Helping fill up the stage Warlikowski inevitably employs a larger cast than the four singers and the chorus who contribute to the oratorio, but the extras are not just there to make up the numbers. Most prominently there is a young man, dancing to the rhythms on his headphones - which nonetheless fits the youthful rhythm of Handel's music perfectly - who perhaps represents Youth. His function is to illustrate how beauty, caught up in its own pleasure, is oblivious to time. Youth passes however - quite literally here, the young man ending up on an operating trolley, mourned with heart rending sadness by Beauty. But there are also many other young women who look on at the spectacle of Beauty's fall, all of it reminding you that there is nothing 'academic' about the subject.
This is by no means Warlikowski's only idea or contribution. The director includes a short film before the interval to bring the ghost of Jacques Derrida into the equation, and the division of the stage itself perhaps even resembles the two hemispheres of the brain separated by a corridor or cortex. One side is lit up while the other is in darkness but occasionally both sides spark with life, the left largely being the domain of Beauty and Pleasure, the right Time and Disillusionment. At significant points all four figures come together gathering around the table like a family; always in dispute, but dependent on each other to maintain a happy equilibrium.

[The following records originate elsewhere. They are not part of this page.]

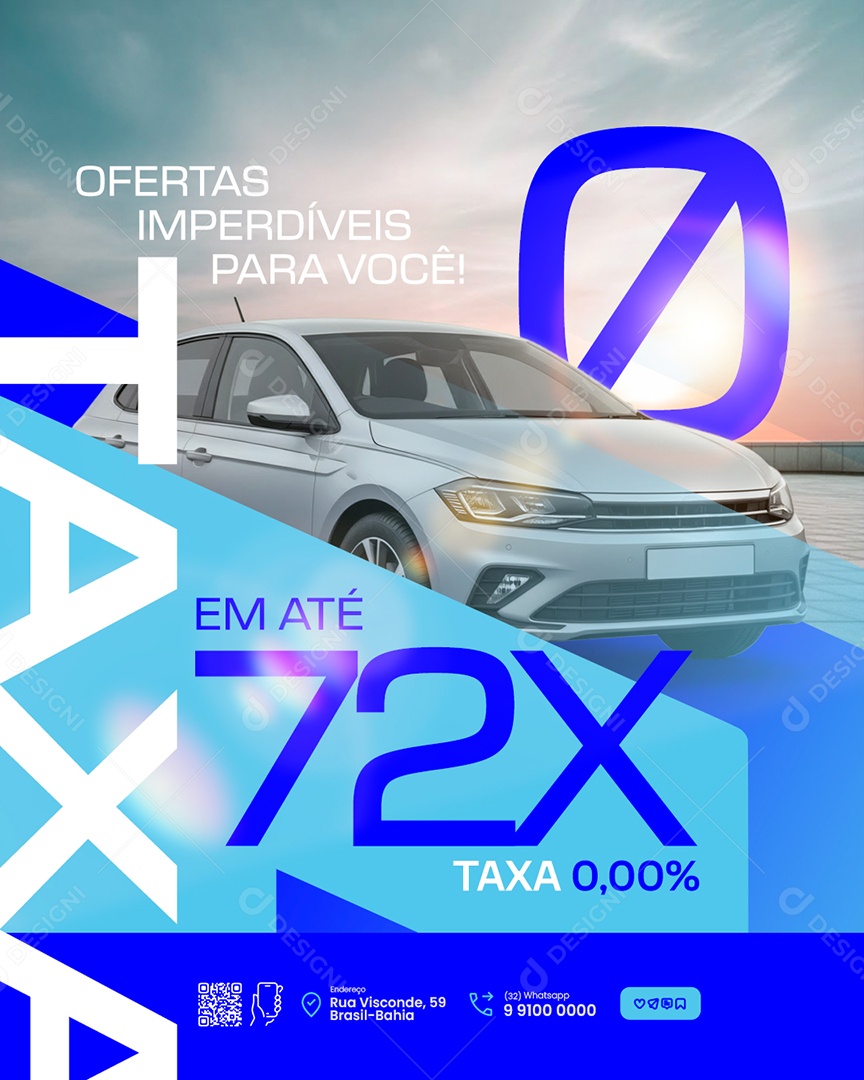 Concessionária Ofertas Imperdíveis para Você em Até 72x Social Media PSD Editável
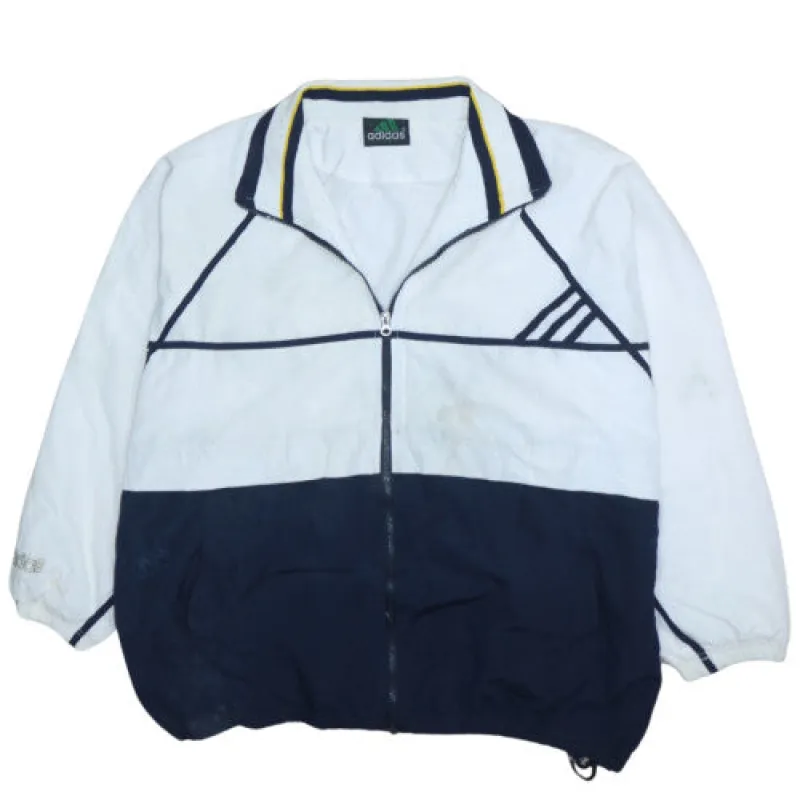 Adidas White Navy Windbreaker Jacket Men's XLarge Embroidered Logo Full Zip Track Top Outerwear made by Adidas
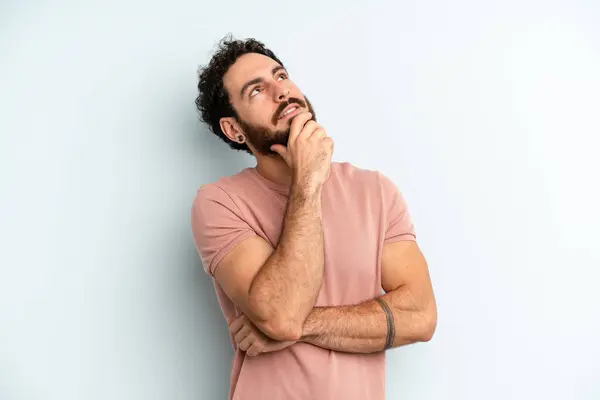 Young Adult Bearded Man Feeling Thoughtful Wondering Imagining Ideas Daydreaming — Stock Photo, Image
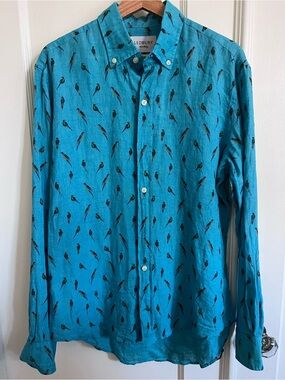LEDBURY Men’s Teal Parrot-Print Button-Down Shirt
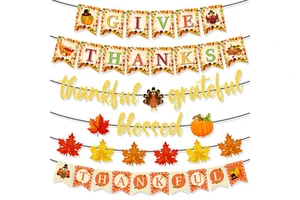 New Thanksgiving Theme Party Decorations Autumn Harvest Festival Setup Turkey Pumpkin Bunting Garland Wholesale Custom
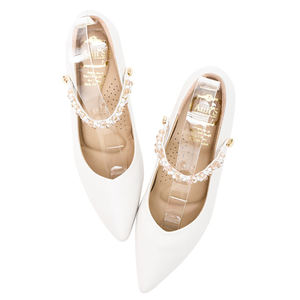 Handmade High Quality Bridal Pumps Wedding Heels with Thin Heels and Ankle Strap - Product Image 1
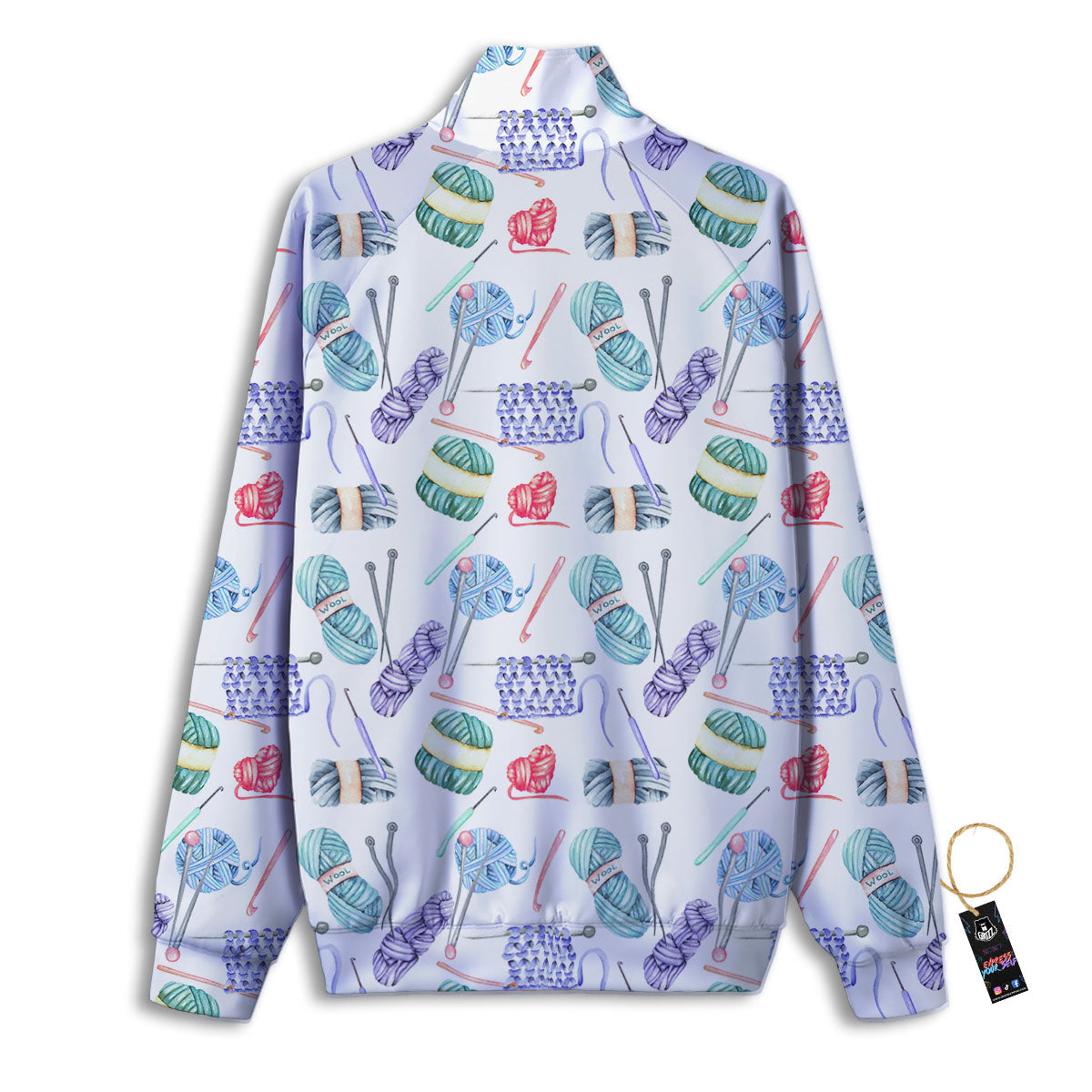 Crochet Yarn Print Pattern Track Jacket-grizzshop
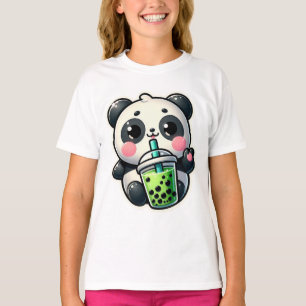 Cute Kawaii Panda Drinks Boba Bubble Tea Kawaii T-Shirt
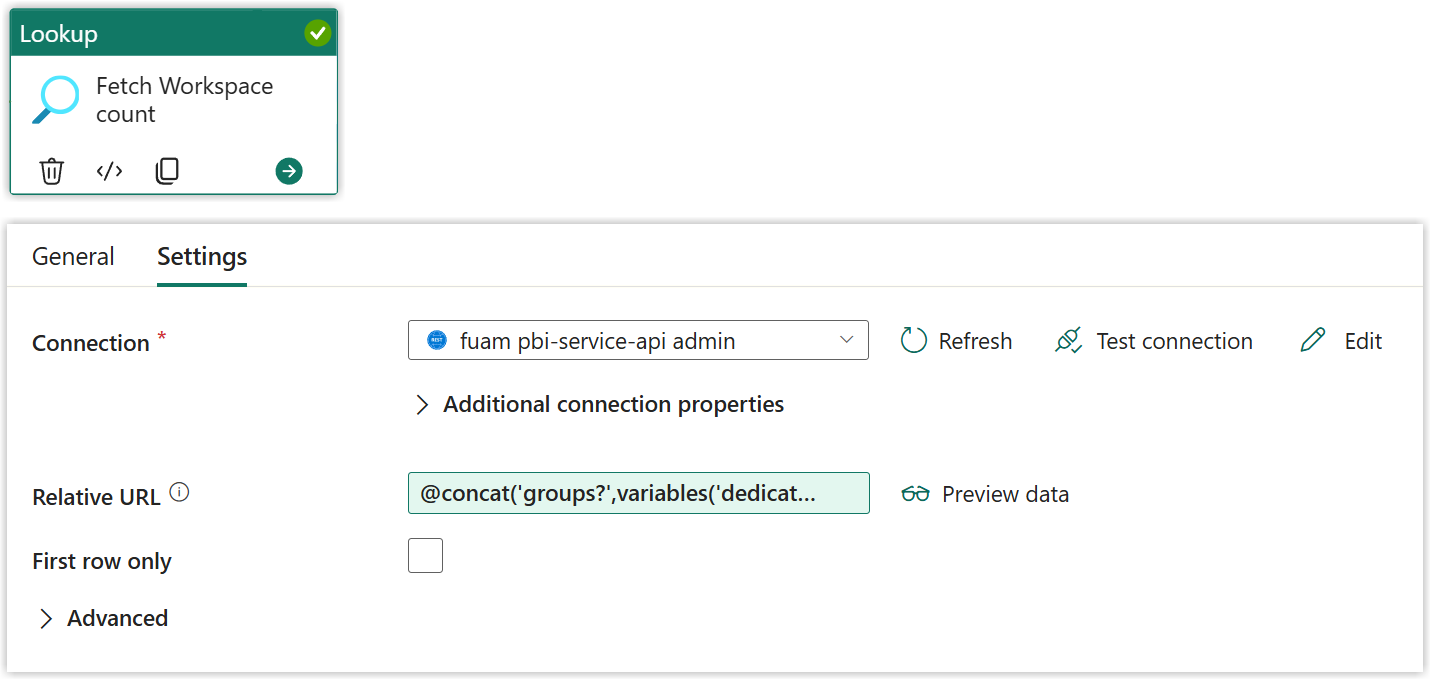 snapshot of the Fetch Workspace count settings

There's much to admire in the staging and in how it manages to engage the spectator, but the beauty of Handel's music and the singing of the cast assembled here would be impressive enough on its own. Emmanuelle Haïm and her period instrument Concert d'Astrée ensemble give the work a wonderful edge, energy and rhythmic precision. Sabine Devieilhe is unquestionably the star that carries the show here, always impressive in technique, range and timbre, but investing the role of Beauty here with some degree of sensitivity. Her sparring and harmonising with Franco Fagioli's countertenor Pleasure is magnificent, the two making an attractive team. Michael Spyres is a wonderfully lyrical singer but his tenor voice is perhaps too 'sweet' for Time. Together with Sara Mingardo's Disillusionment however, this was a strong cast capable of finding the human depth and meaning in Benedetto Pamphili's libretto and Warlikowski's concept that is already there in Handel's music.